The "atomic second" turns 50
The "atomic second" was the beginning of a revolutionary era: it was born as early as 1955, when the first cesium atomic clock was put into operation. In the fall of 1967, it was included in the International System of Units. This was the beginning of a development which will, in all likelihood, come to an end in the fall of 2018 when the 20th General Conference on Weights and Measures (CGPM) decides that the entire International System of Units (SI) is to be based on invariable properties of nature - on fundamental constants. In this development the second came next to the meter, but in the race for accuracy it has an outstanding role: no other unit can be realized with such accuracy. Today's cesium atomic clocks - such as the four primary clocks of the Physikalisch-Technische Bundesanstalt (PTB), which are responsible for realizing and disseminating legal time in Germany -provide the time unit with the unimaginable accuracy up to 16 decimal places!

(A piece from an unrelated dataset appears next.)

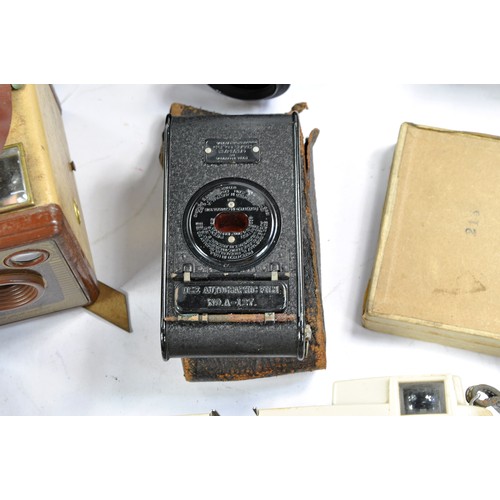 1602 - Further selection of vintage camera and photography equipment some very early, comprising Kodak issu... 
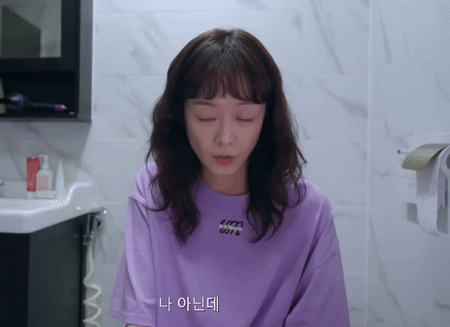 Phim mới chiếu đã bị chê lỗi thời như 10 năm trước, nữ chính già đi chục tuổi vì kiểu tóc thảm họa-3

"You are giving us a beautiful topic to meditate about: measuring the trajectory of the stars in the infinite depth of space based on the oscillation of an infinitesimally small atom." This is how poetically the then French foreign minister, Couve de Murville, expressed what was about to happen in Paris. In 1967, the scientists and politicians gathered in Paris for the 13th General Conference on Weights and Measures (CGPM) decided to re-define the second. The decision fell on 13 October 1967: "The second is the duration of 9 192 631 770 periods of the radiation corresponding to the transition between the two hyperfine levels of the ground state of the cesium 133 atom." Thus, the second was then defined based on an atomic quantum transition. The large number in the definition stands for slightly more than 9 billion oscillations per second - a particular frequency of microwave radiation which triggers exactly this quantum transition in the outermost electron of the electron shell of the cesium atom. This definition is still valid today. And it will not need modifying, not even for the transition to the "new SI" which is planned to happen in the fall of 2018. The formulation of the 50-year-old definition was apparently clear-sighted and sustainable.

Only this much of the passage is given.